The Indian Rupee (INR) remains weak on Tuesday after bouncing off a record low in the previous session. The local currency remains fragile amid broad-based US Dollar (USD) bids. Furthermore, a steep fall in domestic equity markets and an unabated outflow of foreign capital contribute to the INR’s downside. 

On the other hand, the Reserve Bank of India (RBI) intervention could help contain further loss in the local currency. Investors will closely watch the development surrounding the incoming US administration under Donald Trump’s tariff plan. Analysts believe that if US tariffs are broadly lower than Trump promised on the campaign trail and aimed only at critical sectors, then the outlook for global growth should improve and the USD should weaken.

The US ISM Services Purchasing Managers Index (PMI) is due later on Tuesday. On Wednesday, the minutes of the Federal Reserve’s (Fed) December policy meeting will be published. All eyes will be on the US Nonfarm Payrolls (NFP) report on Friday.

Indian Rupee loses ground amid domestic and global challenges

  • The HSBC final India Services PMI eased to 59.3 in December from 60.8 in a preliminary estimate. This reading came in below the consensus of 60.5. 
  • “Forward-looking indicators such as new business and future activity suggested that the strong performance will likely continue in the near future,” said Ines Lam, economist at HSBC.
  • Trump denied the Washington Post story that his aides are considering narrowing his tariff plan so that it would only apply to specific critical imports. 
  • Fed Governor Lisa Cook said on Monday that Fed policymakers could be more cautious with further rate cuts, citing labor market resilience and stickier inflation. 
  • The US ISM Services PMI is expected to improve to 53.0 in December from 52.1 in November.

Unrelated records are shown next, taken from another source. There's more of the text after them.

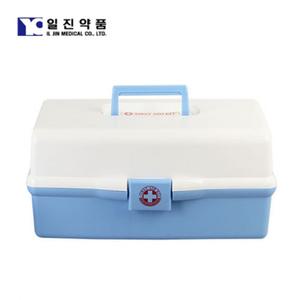 일진 구급함 마더스케어 2호(케이스 및 내용물 포함)/비상구급함/가정용구급상자/구급약상자/응급구급함
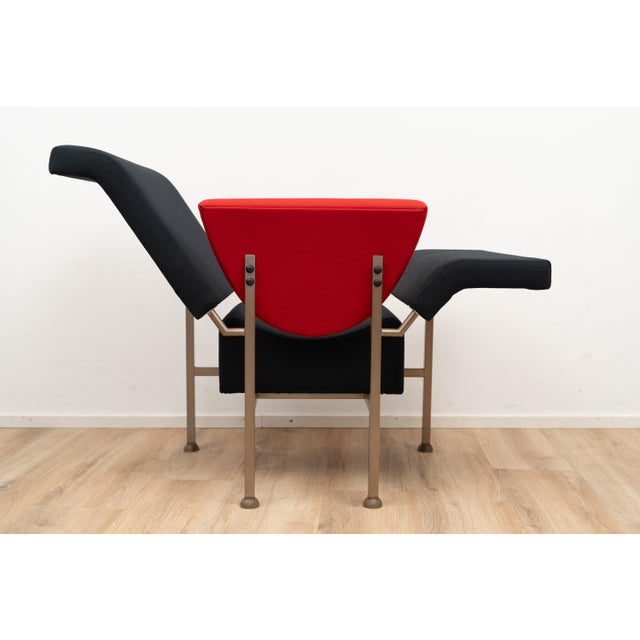 Metal Greetings from Holland Armchair from Rob Eckhardt, 1980s For Sale - Image 7 of 8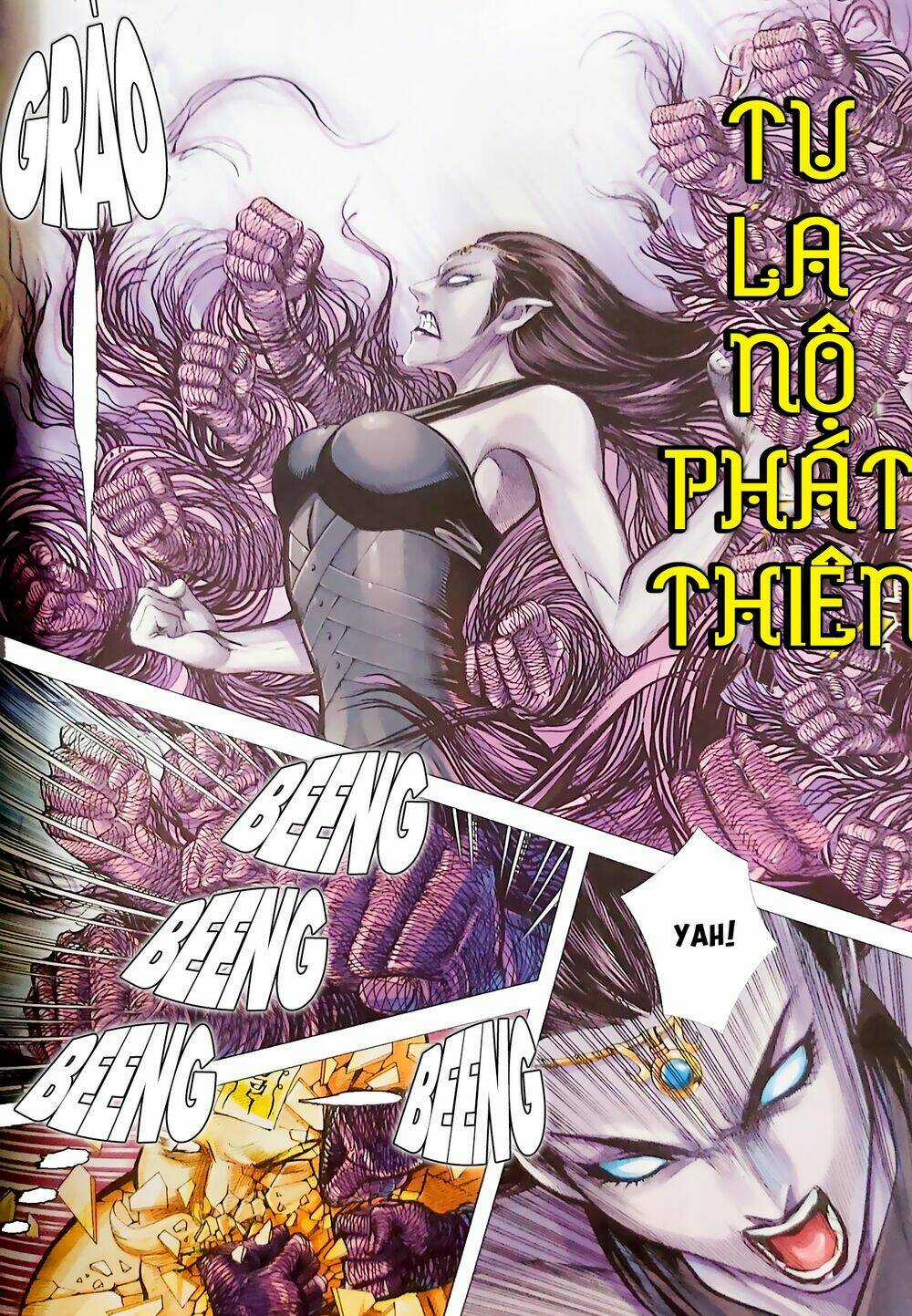 A Tu La - Tây Du Ngoại Truyện Chapter 22 trang 19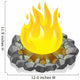 Campfire Wall Decal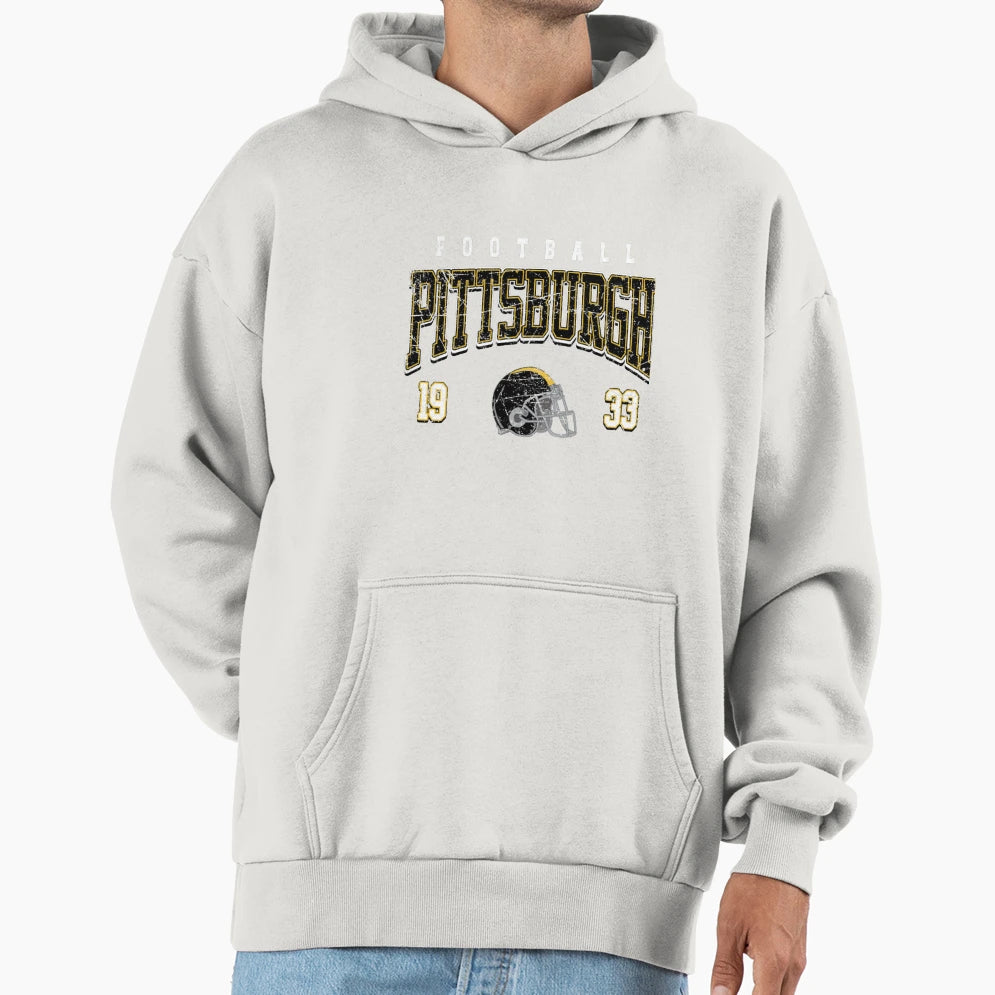 Art Pittsburgh Steelers Hoodie - Custom Art Print Men Women - T-Shirt, Sweatshirt, Hoodie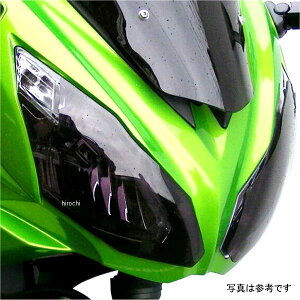 �p���[�u�����Y Powerbronze �w�b�h���C�g�����Y�V�[���h 14�N-17�N Ninja400 �_�[�N�X���[�N 440-K503-002 HD�X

USD/INR’s bullish bias prevails, overbought RSI conditions could limit its advance 

The Indian Rupee softens on the day. The USD/INR pair remains on a bullish trajectory as the price has broken above the ascending trend channel over the past week and holds above the key 100-day Exponential Moving Average (EMA) on the daily chart. 

Nonetheless, the 14-day Relative Strength Index (RSI) moves beyond the 70.00 mark, warranting some caution for bulls. The overbought condition suggests that further consolidation cannot be ruled out. 

The crucial upside barrier emerges at an all-time high of 85.84. Sustained trading above this level could pave the way to the 86.00 psychological mark. 

On the downside, the low of January 6 at 85.60 acts as an initial support level for USD/INR. Further south, the next contention level is located at 85.00, followed by 84.45, the 100-day EMA.